* _Recorded information_
---------------

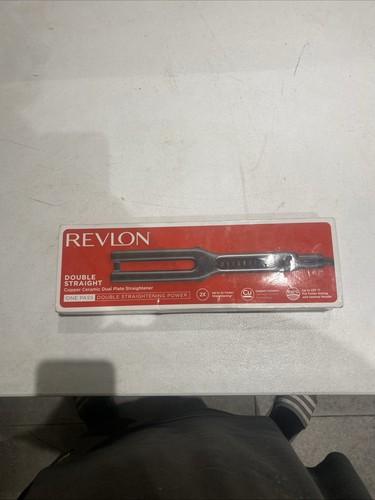 Revlon double straight copper - double,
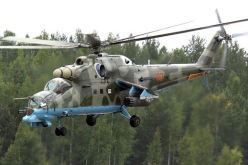 روسيا تنشر مروحيات مقاتلة في أرمينيا بالقرب من تركيا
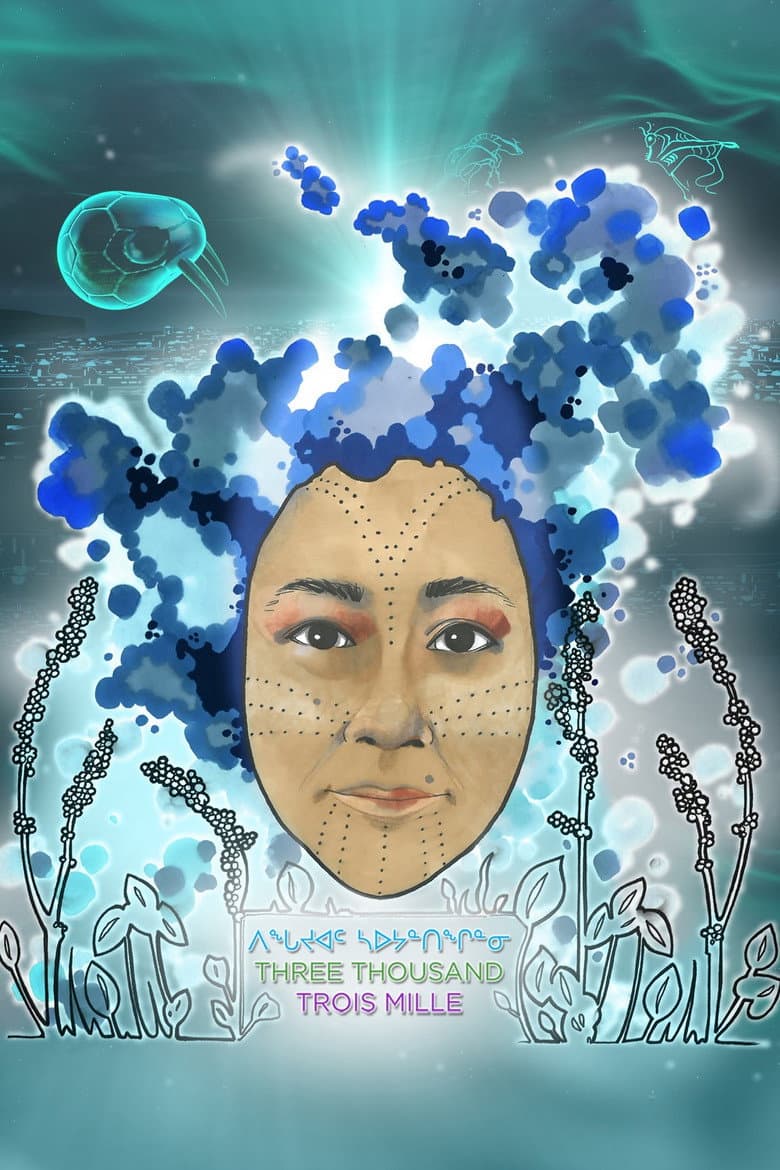 Three Thousand poster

---------------

Transcribe exactly the span of lines from the line holding "روسيا تنشر مروحيات" through the last line above, both included. Pictures stay out.

* _Result_
 روسيا تنشر مروحيات مقاتلة في أرمينيا بالقرب من تركيا
 Three Thousand poster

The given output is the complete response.